*Task item:* With the pictures left out, print exactly the lines below that run from the one containing "top view red" through the one containing "Brosse Rotative Electrique".

*-*-*

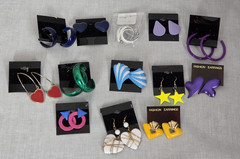 Ultimate 80s Earrings Lot 13 Pairs Colorful Vtg Hearts Hoops Neon Retro Party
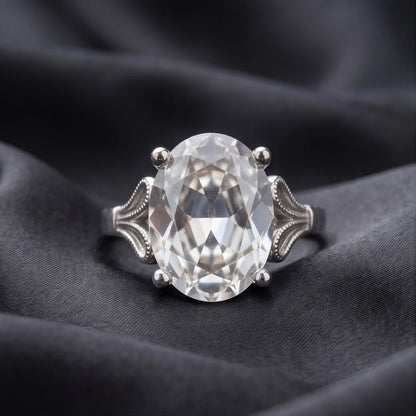 Silver Oval Clear Quartz Vintage Solitaire Ring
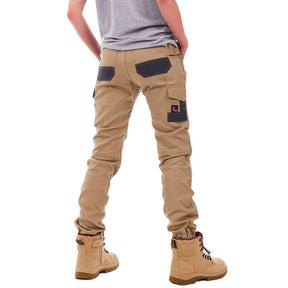 tradie ladies skinny cuffed cargo pant in khaki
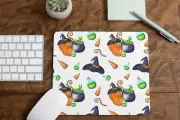 Halloween Witch Hat Potions Pattern Mouse Pad for Computer Office Gaming Desk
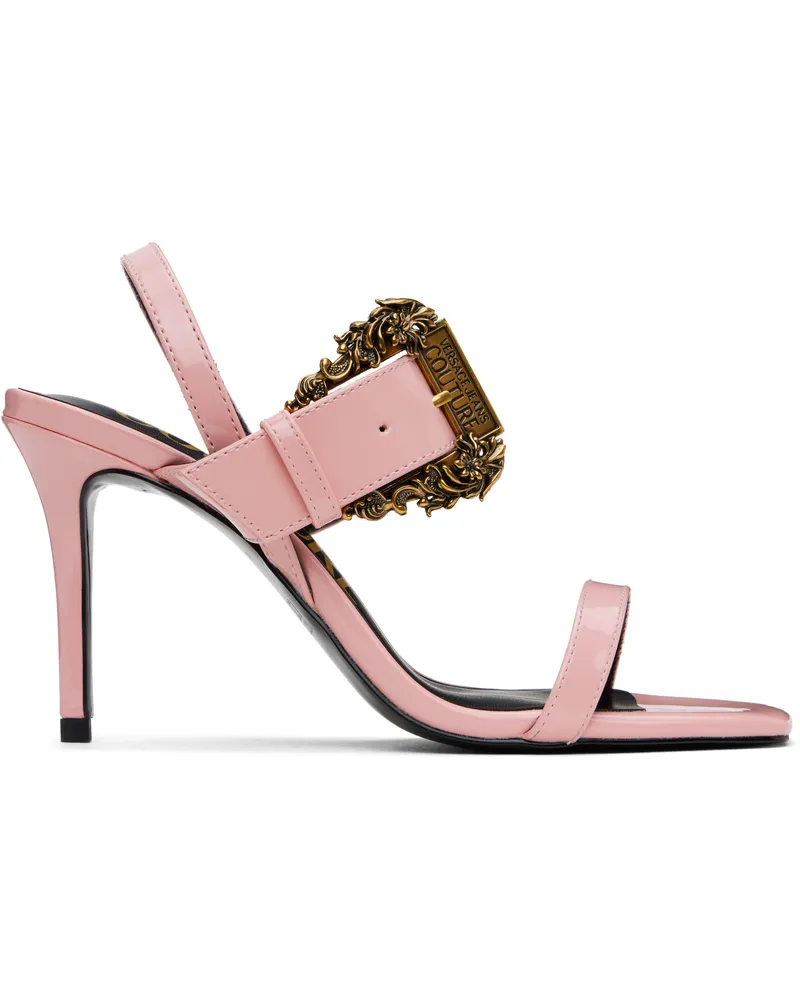Versace Jeans Pink Baroque Buckle Patent Emily Heeled Sandals E489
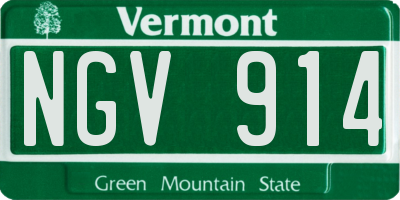 VT license plate NGV914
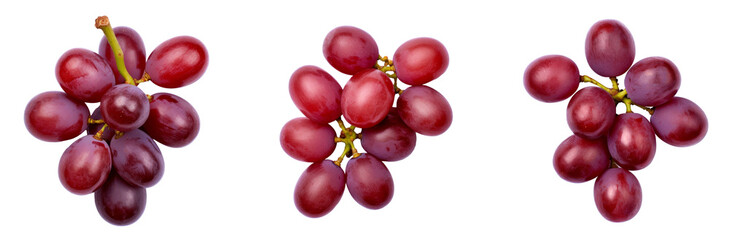 top view red grape fruit isolated on white background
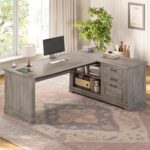 Executive Desk, 61" Farmhouse L Shaped Desk with File Drawers, Office Desk with Drawers and Power Outlets, Computer Desk with Storage Shelves for Home Office, Grey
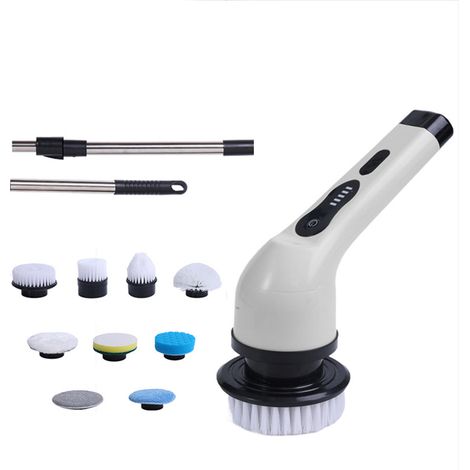 Brosse Rotative Electrique - Manche Rétractable 75-120 cm - Batterie 2000 mAh USB-C - 9 Têtes Interchangeables - Pour Salle De Bain Cuisine Baignoire Carrelage Voiture - 1 Pièce (1/5)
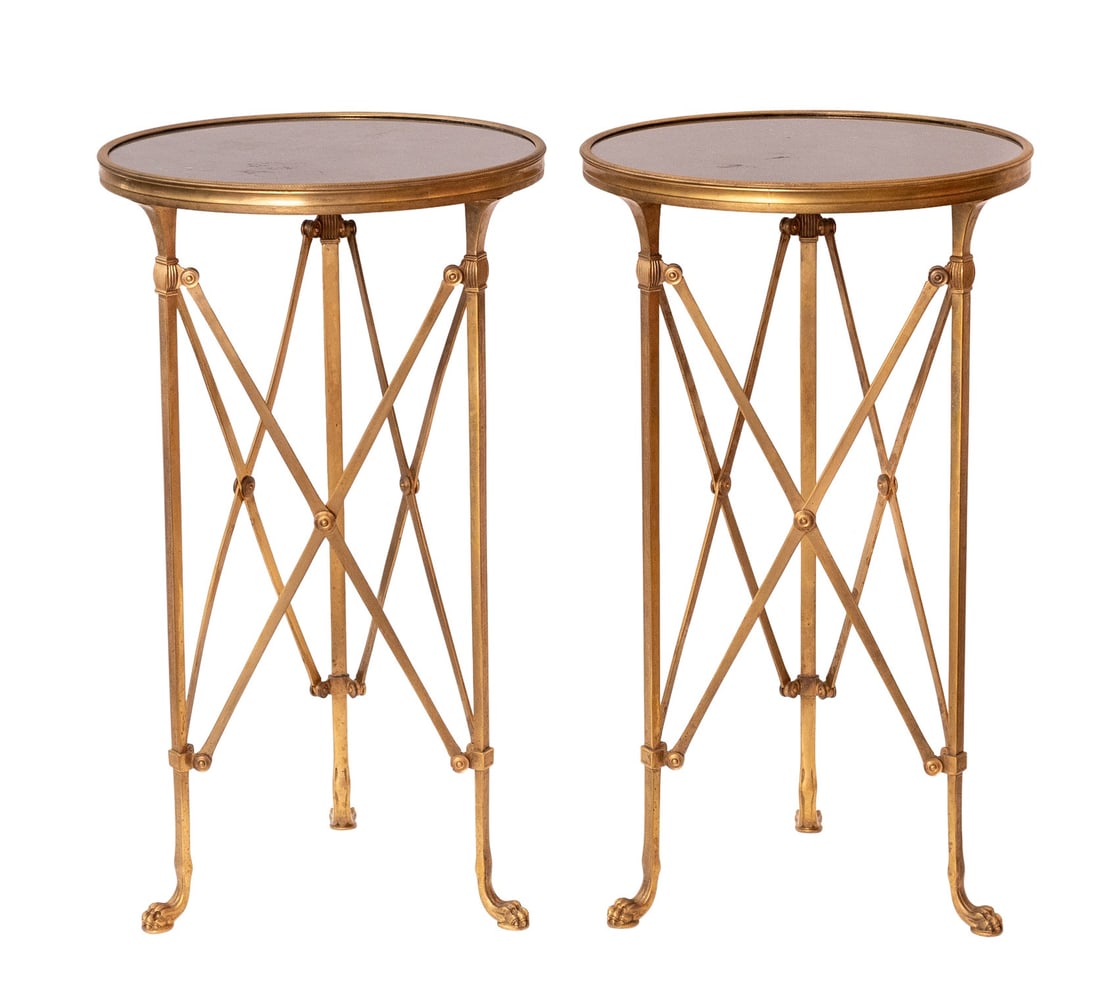 Pair of Neoclassical Style Gilt-Bronze and Marble Gueridons: Each circular top raised on tapering legs with X-form braces and ending in paw feet. Height 28 inches, diameter 16 1/4 inches.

*-*-*

*Response to the exercise:*
 top view red grape fruit isolated on white background
 Executive Desk, 61" Farmhouse L Shaped Desk with File Drawers, Office Desk with Drawers and Power Outlets, Computer Desk with Storage Shelves for Home Office, Grey
 Brosse Rotative Electrique - Manche Rétractable 75-120 cm - Batterie 2000 mAh USB-C - 9 Têtes Interchangeables - Pour Salle De Bain Cuisine Baignoire Carrelage Voiture - 1 Pièce (1/5)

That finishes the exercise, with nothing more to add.